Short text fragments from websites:
------------------------------------------------------------

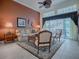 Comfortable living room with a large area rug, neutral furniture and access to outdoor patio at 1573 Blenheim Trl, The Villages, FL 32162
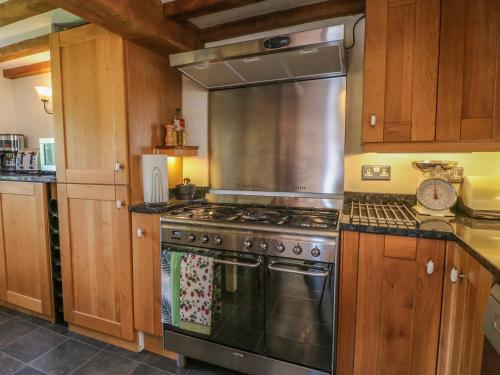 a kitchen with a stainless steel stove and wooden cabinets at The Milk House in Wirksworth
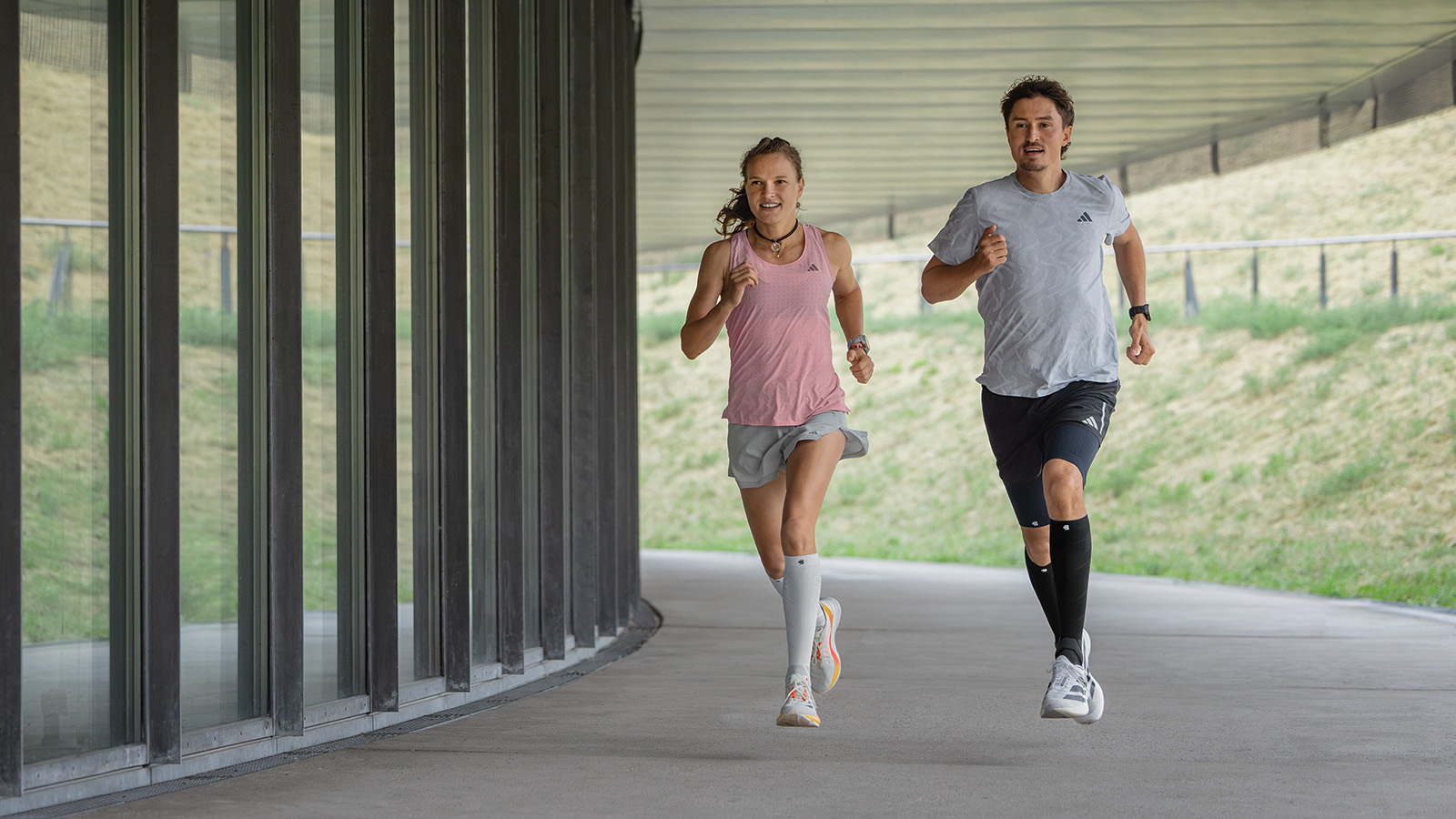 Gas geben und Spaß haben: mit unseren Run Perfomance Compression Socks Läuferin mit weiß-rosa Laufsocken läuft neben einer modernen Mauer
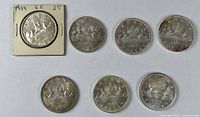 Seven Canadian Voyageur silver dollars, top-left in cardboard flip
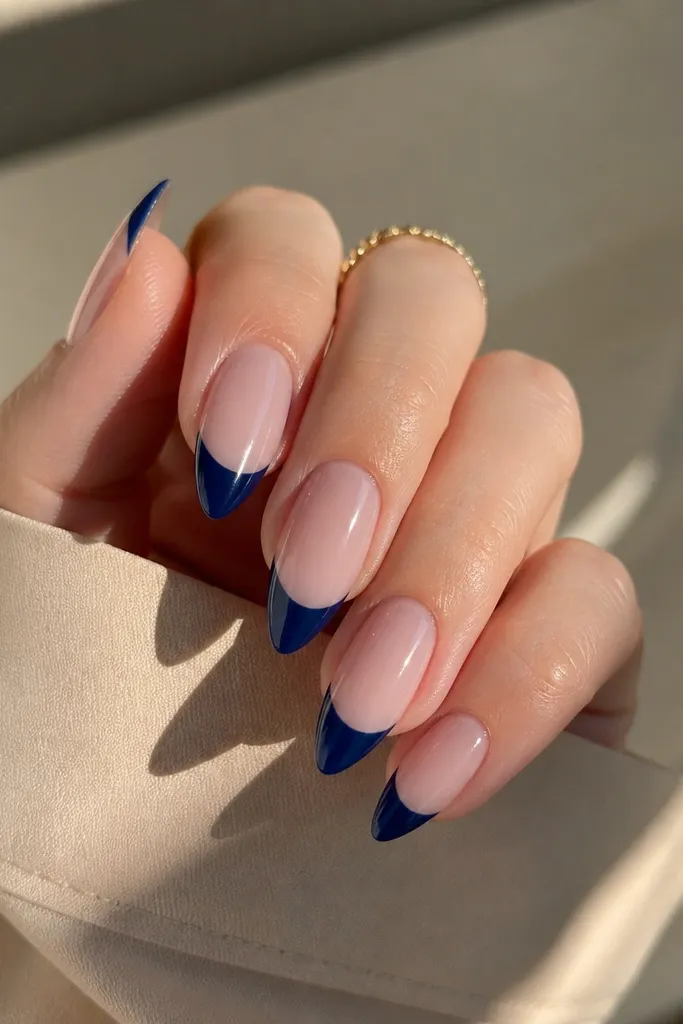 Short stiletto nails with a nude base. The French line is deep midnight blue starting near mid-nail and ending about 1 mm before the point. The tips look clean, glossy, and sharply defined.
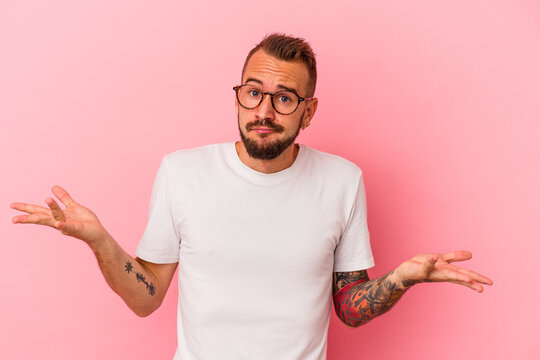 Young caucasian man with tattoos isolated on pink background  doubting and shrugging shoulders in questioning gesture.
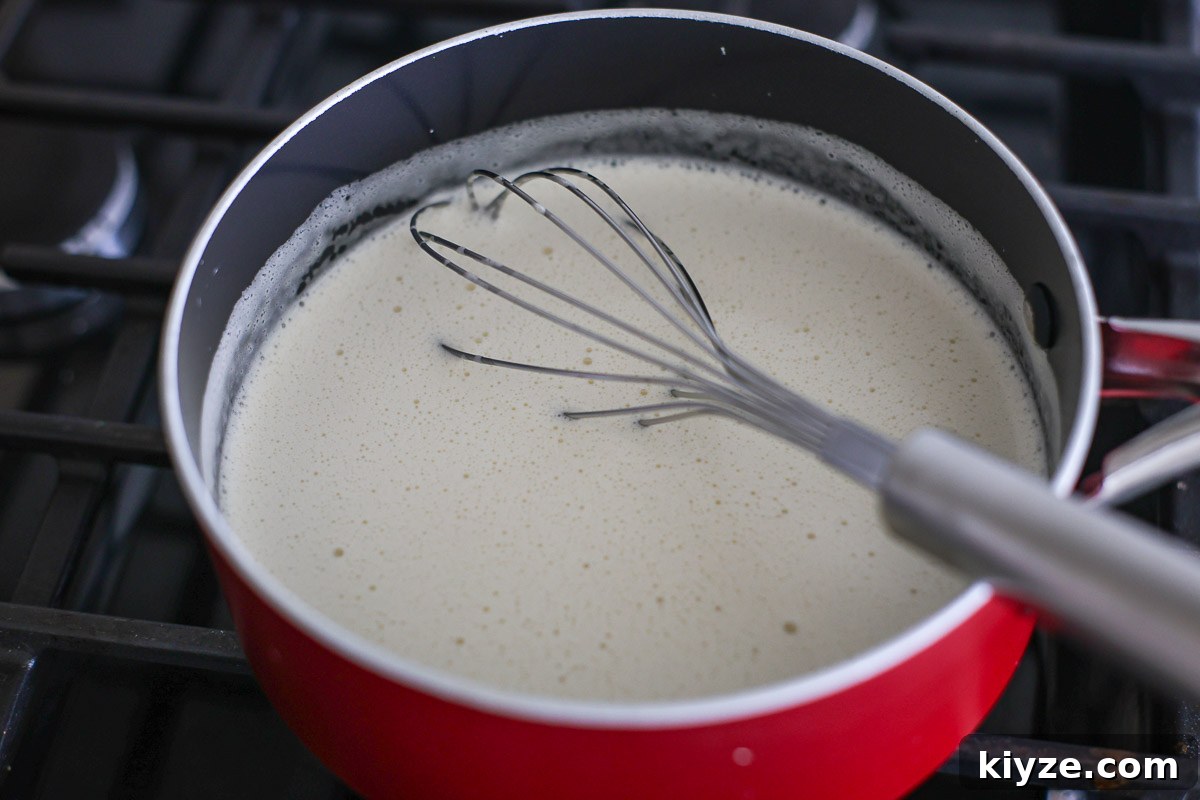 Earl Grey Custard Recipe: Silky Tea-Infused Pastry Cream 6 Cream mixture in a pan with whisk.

------------------------------------------------------------

Task to complete: Give again, word for word, the line that contains "Young caucasian man" and every line after it through the end of the entries; omit the pictures.

Output of the task:
 Young caucasian man with tattoos isolated on pink background  doubting and shrugging shoulders in questioning gesture.
 Earl Grey Custard Recipe: Silky Tea-Infused Pastry Cream 6 Cream mixture in a pan with whisk.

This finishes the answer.